Pencuri kemuliaan

30 Mei 2011 | Cetusan

Kalian masih ingat Gempa Jogja kan?
Jumat lalu (27/5/2011), lima tahun sebelumnya, gempa dahsyat menggoncang Jogja membawa lebih dari 6000 korban jiwa serta kerugian materiil dan moril warga yang tinggal di kawasan selatan Jawa Tengah dan Daerah Istimewa Yogyakarta yang susah untuk dimasukkan ke dalam tataran angka. Saat itu, aku masih tinggal di Jogja, bersyukur aku tak masuk ke dalam kalangan yang ‘6000-an’ meski trauma akan kedahsyatan gempa itu masih terasa bahkan sampai sekarang.
Namun yang kuangkat di tulisan ini bukan bagaimana detail kejadian itu karena kalian toh bisa menemukan di banyak posting blog lain serta linimasa di Twitter maupun Facebook hari-hari ini.?Apa yang akan kusarikan dari tulisan ini lebih pada ekses yang kuterima dari kejadian yang sebenarnya agak jauh kaitannya, tapi karena aku sedang mau mengkait-kaitkan ya kudekatkan saja.

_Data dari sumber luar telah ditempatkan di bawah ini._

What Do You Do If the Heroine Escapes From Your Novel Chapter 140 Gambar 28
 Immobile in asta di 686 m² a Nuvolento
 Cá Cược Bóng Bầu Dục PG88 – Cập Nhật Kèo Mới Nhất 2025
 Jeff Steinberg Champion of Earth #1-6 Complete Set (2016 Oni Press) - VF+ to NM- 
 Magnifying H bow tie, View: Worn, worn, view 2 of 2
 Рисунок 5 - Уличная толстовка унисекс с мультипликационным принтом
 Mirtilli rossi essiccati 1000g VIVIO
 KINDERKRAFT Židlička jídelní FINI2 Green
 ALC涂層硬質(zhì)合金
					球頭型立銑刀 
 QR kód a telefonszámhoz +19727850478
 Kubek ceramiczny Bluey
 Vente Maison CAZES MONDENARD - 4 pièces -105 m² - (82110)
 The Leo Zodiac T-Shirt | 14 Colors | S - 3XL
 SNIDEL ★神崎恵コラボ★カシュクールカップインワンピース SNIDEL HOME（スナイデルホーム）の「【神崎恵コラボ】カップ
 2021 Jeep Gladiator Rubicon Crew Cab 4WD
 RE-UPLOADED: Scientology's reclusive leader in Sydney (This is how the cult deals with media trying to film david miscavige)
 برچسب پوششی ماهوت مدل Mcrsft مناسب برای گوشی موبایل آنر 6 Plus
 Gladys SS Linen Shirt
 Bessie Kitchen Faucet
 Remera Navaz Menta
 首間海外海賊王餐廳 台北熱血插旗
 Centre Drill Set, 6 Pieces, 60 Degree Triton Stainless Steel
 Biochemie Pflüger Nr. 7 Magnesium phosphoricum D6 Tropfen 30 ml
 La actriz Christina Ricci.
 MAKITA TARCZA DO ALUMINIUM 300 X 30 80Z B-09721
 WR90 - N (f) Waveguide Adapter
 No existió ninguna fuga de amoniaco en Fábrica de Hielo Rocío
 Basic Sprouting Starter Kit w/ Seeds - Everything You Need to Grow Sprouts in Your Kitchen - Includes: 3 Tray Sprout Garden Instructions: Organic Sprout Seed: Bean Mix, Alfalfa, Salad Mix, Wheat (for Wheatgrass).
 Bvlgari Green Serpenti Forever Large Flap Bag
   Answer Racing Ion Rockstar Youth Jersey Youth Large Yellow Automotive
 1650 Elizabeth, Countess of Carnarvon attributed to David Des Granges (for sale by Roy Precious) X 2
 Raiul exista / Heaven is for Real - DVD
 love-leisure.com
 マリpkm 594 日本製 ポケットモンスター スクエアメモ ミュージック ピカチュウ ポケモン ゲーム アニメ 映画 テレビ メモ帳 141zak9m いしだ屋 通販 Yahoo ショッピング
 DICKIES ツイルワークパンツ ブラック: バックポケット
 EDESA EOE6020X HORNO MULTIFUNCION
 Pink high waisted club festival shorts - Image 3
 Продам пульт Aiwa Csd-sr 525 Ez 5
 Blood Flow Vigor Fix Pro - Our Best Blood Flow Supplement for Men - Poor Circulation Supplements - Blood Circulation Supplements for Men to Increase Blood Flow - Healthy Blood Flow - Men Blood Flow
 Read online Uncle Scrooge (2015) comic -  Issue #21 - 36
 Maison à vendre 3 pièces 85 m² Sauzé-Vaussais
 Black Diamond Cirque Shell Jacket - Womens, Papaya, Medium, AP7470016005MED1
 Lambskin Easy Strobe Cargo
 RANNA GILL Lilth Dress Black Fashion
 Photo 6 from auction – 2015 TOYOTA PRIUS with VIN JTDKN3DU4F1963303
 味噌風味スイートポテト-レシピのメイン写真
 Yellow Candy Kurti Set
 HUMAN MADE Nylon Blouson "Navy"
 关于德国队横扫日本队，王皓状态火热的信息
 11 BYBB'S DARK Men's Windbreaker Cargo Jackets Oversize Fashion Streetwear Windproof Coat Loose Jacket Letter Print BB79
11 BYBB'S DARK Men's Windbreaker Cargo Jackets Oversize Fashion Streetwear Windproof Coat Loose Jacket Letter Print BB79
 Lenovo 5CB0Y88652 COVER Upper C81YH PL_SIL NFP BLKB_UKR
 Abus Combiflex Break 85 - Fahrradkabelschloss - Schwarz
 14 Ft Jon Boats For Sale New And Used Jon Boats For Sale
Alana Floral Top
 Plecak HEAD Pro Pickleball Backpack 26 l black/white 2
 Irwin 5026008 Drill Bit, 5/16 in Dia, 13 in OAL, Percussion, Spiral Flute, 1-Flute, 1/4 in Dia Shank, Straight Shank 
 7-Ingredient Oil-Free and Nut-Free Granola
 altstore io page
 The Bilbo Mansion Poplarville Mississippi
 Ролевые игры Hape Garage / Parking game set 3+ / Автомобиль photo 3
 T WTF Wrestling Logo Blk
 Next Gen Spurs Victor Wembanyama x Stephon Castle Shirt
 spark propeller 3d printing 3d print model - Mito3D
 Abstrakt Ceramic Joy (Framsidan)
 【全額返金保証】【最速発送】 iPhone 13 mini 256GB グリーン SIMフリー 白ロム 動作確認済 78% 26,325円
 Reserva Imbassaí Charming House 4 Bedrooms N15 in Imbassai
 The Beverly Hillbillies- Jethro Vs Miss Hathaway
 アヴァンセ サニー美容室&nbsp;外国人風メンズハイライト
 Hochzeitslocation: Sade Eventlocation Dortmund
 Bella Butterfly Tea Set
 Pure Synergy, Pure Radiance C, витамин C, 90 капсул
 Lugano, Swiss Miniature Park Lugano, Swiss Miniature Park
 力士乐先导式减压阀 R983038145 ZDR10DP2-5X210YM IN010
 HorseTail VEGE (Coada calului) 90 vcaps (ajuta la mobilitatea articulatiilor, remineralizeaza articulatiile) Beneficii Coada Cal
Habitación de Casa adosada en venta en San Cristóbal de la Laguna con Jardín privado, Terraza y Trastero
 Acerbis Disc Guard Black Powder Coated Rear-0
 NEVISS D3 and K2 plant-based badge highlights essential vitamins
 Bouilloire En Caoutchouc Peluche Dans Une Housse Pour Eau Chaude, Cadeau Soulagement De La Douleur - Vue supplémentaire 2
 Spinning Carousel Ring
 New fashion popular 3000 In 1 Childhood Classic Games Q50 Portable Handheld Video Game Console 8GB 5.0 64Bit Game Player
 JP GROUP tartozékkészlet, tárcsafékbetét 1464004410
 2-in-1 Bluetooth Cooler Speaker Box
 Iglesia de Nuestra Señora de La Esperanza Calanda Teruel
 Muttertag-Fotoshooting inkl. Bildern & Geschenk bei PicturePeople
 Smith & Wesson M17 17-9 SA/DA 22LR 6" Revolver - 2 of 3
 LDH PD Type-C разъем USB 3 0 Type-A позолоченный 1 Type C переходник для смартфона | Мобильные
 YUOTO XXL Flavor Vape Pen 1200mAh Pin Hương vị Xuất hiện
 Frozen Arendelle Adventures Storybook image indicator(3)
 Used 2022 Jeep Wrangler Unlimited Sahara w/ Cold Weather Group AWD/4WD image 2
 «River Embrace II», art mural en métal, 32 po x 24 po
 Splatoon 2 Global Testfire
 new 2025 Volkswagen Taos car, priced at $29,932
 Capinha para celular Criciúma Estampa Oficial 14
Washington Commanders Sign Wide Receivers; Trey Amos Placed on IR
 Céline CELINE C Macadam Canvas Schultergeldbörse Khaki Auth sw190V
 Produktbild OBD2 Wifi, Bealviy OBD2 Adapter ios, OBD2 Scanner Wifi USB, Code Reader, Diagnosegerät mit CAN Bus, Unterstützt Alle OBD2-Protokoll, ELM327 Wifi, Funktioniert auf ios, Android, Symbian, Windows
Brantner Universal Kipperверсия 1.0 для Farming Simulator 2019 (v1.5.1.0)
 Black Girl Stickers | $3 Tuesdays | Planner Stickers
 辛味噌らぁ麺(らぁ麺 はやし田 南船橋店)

“…Hey, ini lho penulisnya, yang sedang membaca buku lain di depanmu!”

Sekitar sebulan setelah gempa, sebuah penerbit menghubungiku dengan tawaran membukukan tulisan-tulisan sekitar gempa yang waktu itu kupublikasikan di blog lama, donnie.or.id.
Tawaran itu bagai penawar duka akibat gempa!
Bayangkan, setelah bertahun-tahun ingin memiliki buku ‘sendiri’ , sekonyong-konyong ada orang datang menawarinya. Aku tak menyia-nyiakan kesempatan itu! Aku meng-iya-kan ajakan penerbit dengan satu syarat yang lantas dipenuhi yaitu bahwa aku tak mau mengambil untung uang sepeser pun dari hasil penjualan buku itu nantinya dan aku harus menuliskan hal tersebut pada bagian Pengantar buku.

“…akulah sang pembiar pencurian kemuliaan itu terjadi.”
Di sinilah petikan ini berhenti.